- _WHAT IS EXPECTED_
In this exercise, the entries below include pictures. Repeat exactly the lines from the line with "A creator analytics" to the line with "Вычислительная гидродинамика. Гидродинамика", including both, but without the pictures.
━━ DATASET EXTRACT ━━
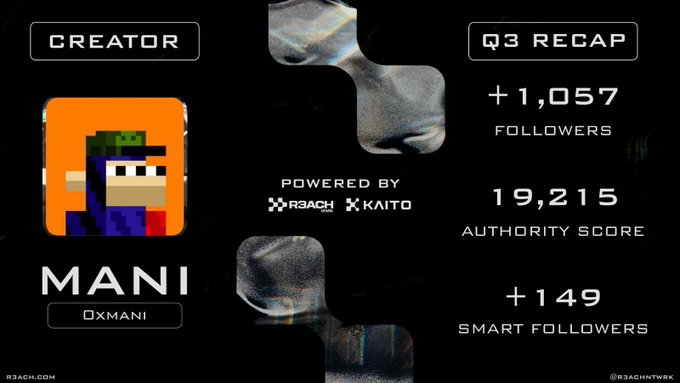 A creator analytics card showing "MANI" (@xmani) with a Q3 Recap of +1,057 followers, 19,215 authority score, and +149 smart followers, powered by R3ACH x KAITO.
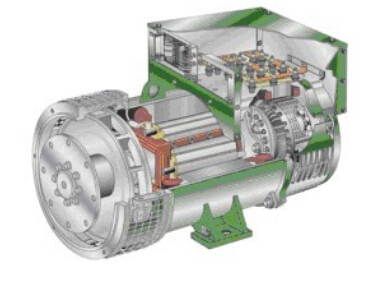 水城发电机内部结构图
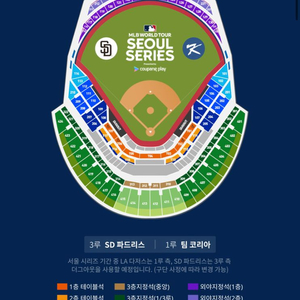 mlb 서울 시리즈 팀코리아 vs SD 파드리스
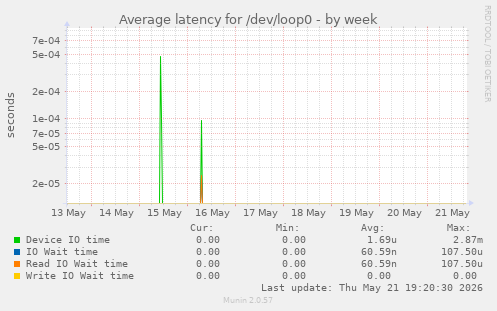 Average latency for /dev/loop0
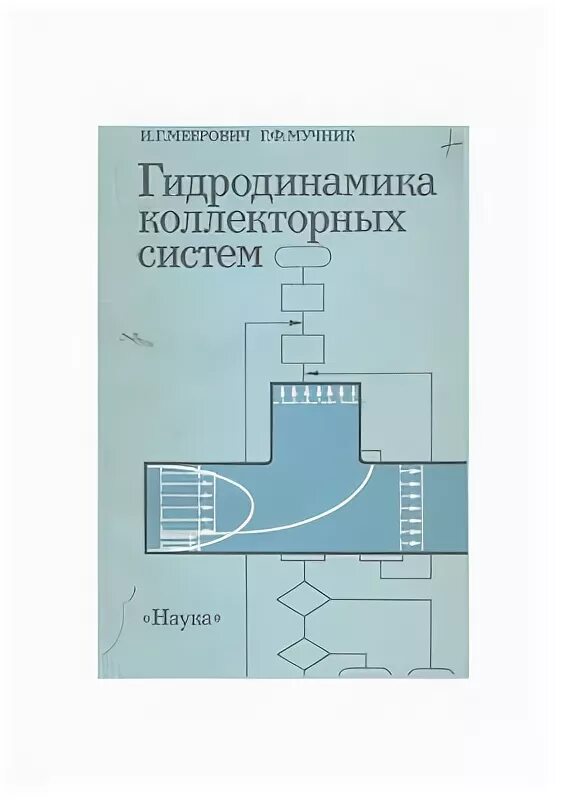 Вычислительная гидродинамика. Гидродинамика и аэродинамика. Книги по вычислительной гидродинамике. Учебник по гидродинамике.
━━━
━━ DATASET EXTRACT ━━
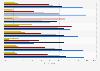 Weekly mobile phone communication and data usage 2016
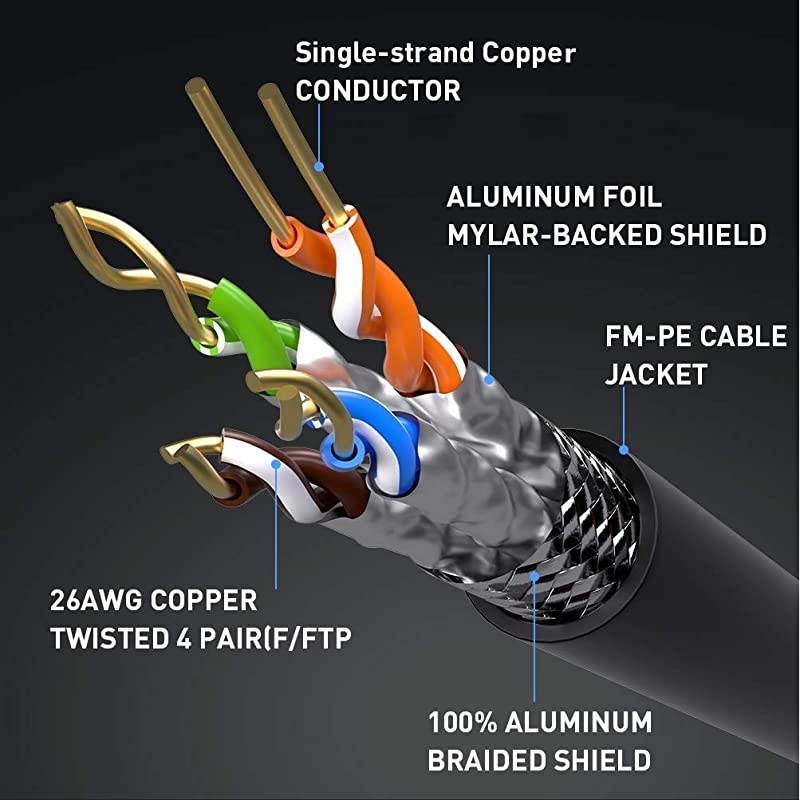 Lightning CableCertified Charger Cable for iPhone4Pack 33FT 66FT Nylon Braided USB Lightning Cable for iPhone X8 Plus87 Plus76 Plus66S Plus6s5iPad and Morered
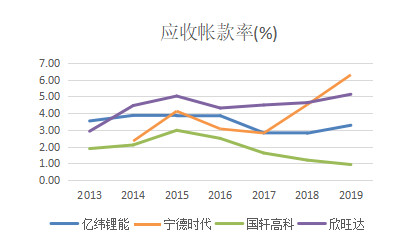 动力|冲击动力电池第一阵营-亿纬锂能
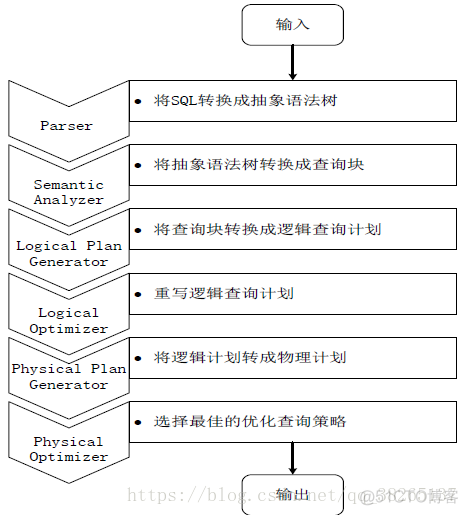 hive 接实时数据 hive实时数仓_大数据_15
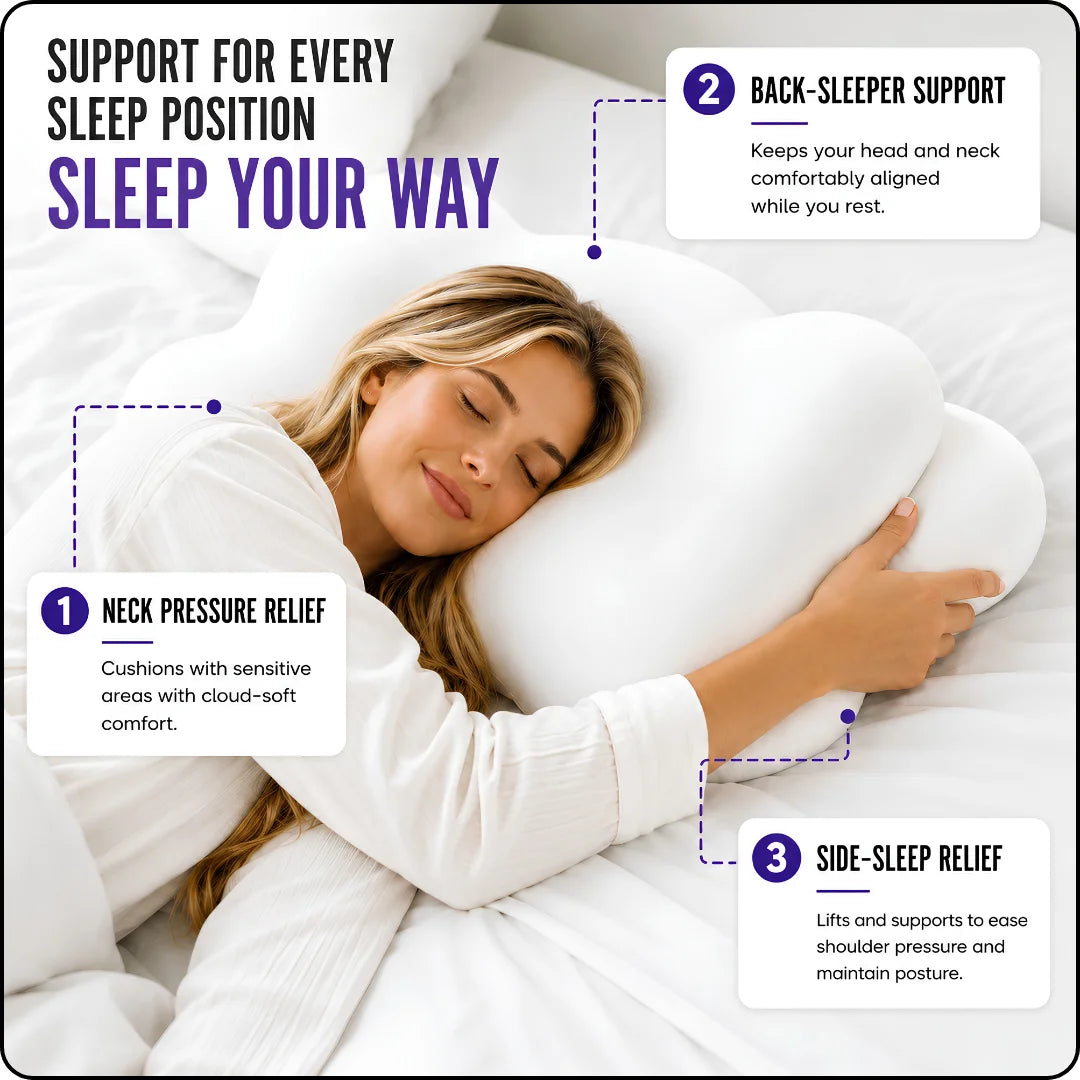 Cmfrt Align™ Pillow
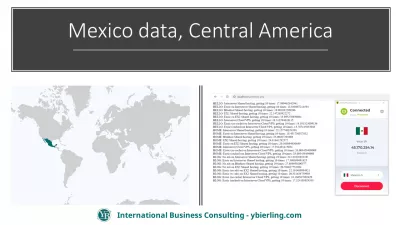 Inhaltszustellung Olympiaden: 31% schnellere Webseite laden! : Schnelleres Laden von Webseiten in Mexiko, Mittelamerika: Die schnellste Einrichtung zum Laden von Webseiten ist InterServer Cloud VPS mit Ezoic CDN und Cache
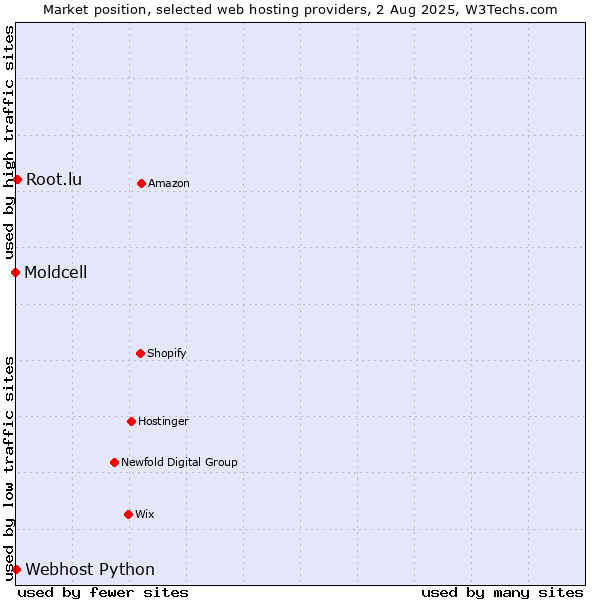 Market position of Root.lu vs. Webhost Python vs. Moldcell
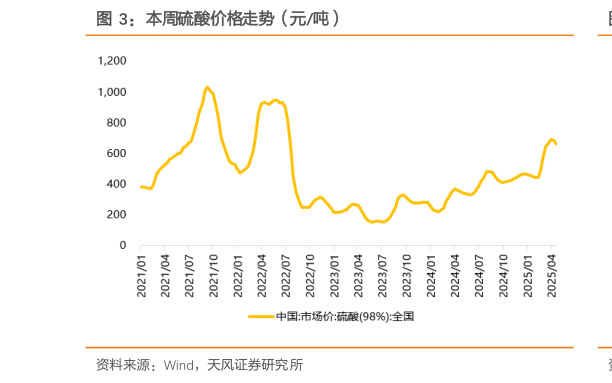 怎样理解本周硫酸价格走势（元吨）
━━━
- _SOLUTION FOR THIS PROBLEM_
 A creator analytics card showing "MANI" (@xmani) with a Q3 Recap of +1,057 followers, 19,215 authority score, and +149 smart followers, powered by R3ACH x KAITO.
 水城发电机内部结构图
 mlb 서울 시리즈 팀코리아 vs SD 파드리스
 Average latency for /dev/loop0
 Вычислительная гидродинамика. Гидродинамика и аэродинамика. Книги по вычислительной гидродинамике. Учебник по гидродинамике.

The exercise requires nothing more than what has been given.